Pity is in the Guts: On Emotional Metamorphosis
By Emily Read
In Anatole France’s novel The Red Lily, there’s a sentence that I’ve had embedded in my head for about a year now: ‘Pity is in the guts, just as tenderness is on the skin’. It beautifully encompasses the physical reactions that emotions evoke. The butterflies or the racing heart with nerves, the taste of honey in your mouth or feeling like you’re standing in sunlight that comes with joy. Familiar, not too overwhelming. But when it comes to emotions that perhaps you’ve never experienced to a certain degree; the physical aspect can be all-consuming. And the instinct is to stop these sensations at all costs. I spent a very long time trying to control, compartmentalize, and otherwise numb these feelings and their physical manifestations, but unfortunately tucking them away only leads to a mass exodus later on.

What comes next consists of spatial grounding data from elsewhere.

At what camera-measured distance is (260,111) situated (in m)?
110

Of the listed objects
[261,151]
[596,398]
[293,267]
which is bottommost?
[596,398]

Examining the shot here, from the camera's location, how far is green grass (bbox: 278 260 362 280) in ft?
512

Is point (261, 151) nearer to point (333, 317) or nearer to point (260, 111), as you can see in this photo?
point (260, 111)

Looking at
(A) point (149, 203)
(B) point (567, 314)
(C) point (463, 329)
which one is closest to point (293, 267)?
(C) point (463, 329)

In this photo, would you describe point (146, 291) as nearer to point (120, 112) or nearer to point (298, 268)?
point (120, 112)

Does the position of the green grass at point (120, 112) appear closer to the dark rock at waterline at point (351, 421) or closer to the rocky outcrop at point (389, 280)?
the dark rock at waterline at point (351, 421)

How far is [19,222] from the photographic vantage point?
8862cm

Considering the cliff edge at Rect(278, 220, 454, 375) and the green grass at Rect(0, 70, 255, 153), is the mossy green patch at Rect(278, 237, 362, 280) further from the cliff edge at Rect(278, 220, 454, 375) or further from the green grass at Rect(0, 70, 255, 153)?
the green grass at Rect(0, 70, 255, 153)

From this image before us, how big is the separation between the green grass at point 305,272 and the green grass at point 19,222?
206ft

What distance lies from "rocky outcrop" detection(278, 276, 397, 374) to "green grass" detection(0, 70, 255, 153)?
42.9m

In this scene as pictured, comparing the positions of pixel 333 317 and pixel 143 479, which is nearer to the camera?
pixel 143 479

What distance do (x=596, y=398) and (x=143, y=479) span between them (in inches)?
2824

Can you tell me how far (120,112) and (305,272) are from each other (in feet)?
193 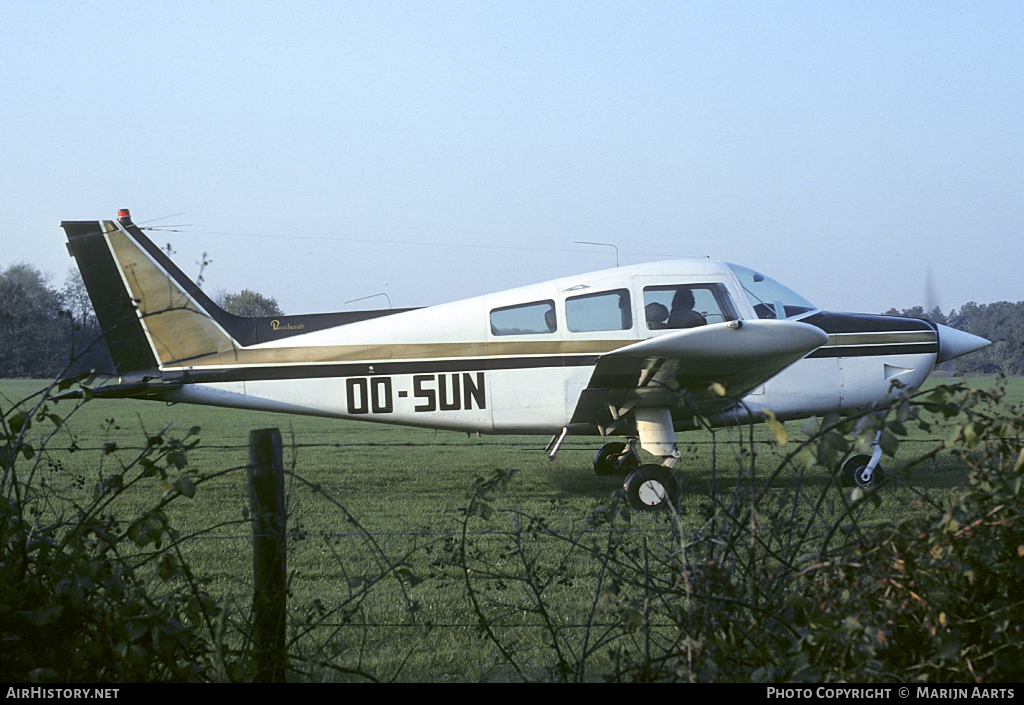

This time last year, at the peak of my attempt to shut out all emotional instinct, I had lost my identity, I was in limbo – I had no concept of who I was, what I liked, what I felt. I was terrified, but I was even more afraid of what I would find if I allowed myself to feel my pain and grieve. However, ready or not, the proverbial Pandora’s box will open, and I was consumed by very physical, visceral grief. And it was just as scary, if not worse than I imagined. It felt interminable. It was vice-like. And it lasted a long time. I was repeatedly told ‘time heals’ and every time I wanted to scream. And of course, I’m writing this a year later and I can say that it truly does. It’s just incredibly slow, so slow that you think you aren’t healing at all, but then one day emerge, tired, drained, triumphant.
Lately I’ve been in a state of curious observation of my emotional and physical self. It’s almost as if I see myself from slightly to the left of me. Similar to my experiences with dissociation, only I’m not petrified, and I’m not far away. I feel like it’s my brain trying to wrap itself around my new self – a more liquid identity. Continual metamorphosis. I feel very ambiguous, I don’t know what inside of me I’m standing on, what is holding me. But it’s different now than at the beginning, I don’t feel like I’m falling through black. Now it feels like drifting through water or space and waiting for anything that resonates with me to pass by so I can grasp it.
If this is familiar to you, I’d highly recommend trying the following visualization. Imagine yourself as a small dot, a warm yellow dot, with a bunch of little feelers out, trying to seek out happiness, but it’s not in pursuit. Just cultivating the conditions for it and hoping for it to cross your path. Because your happiness no longer flows from the same well that it used to. And until you find a new well or spring or source, you are adrift. Try divining joy from everything and anything. Allow yourself to flow and connect and feel. Maybe that’s what you’re meant to be doing anyways, perhaps your journey doesn’t involve a fixed source. Or maybe it does, and you’re walking towards it. Regardless, you, the dot, contain multitudes. You are all that you seek.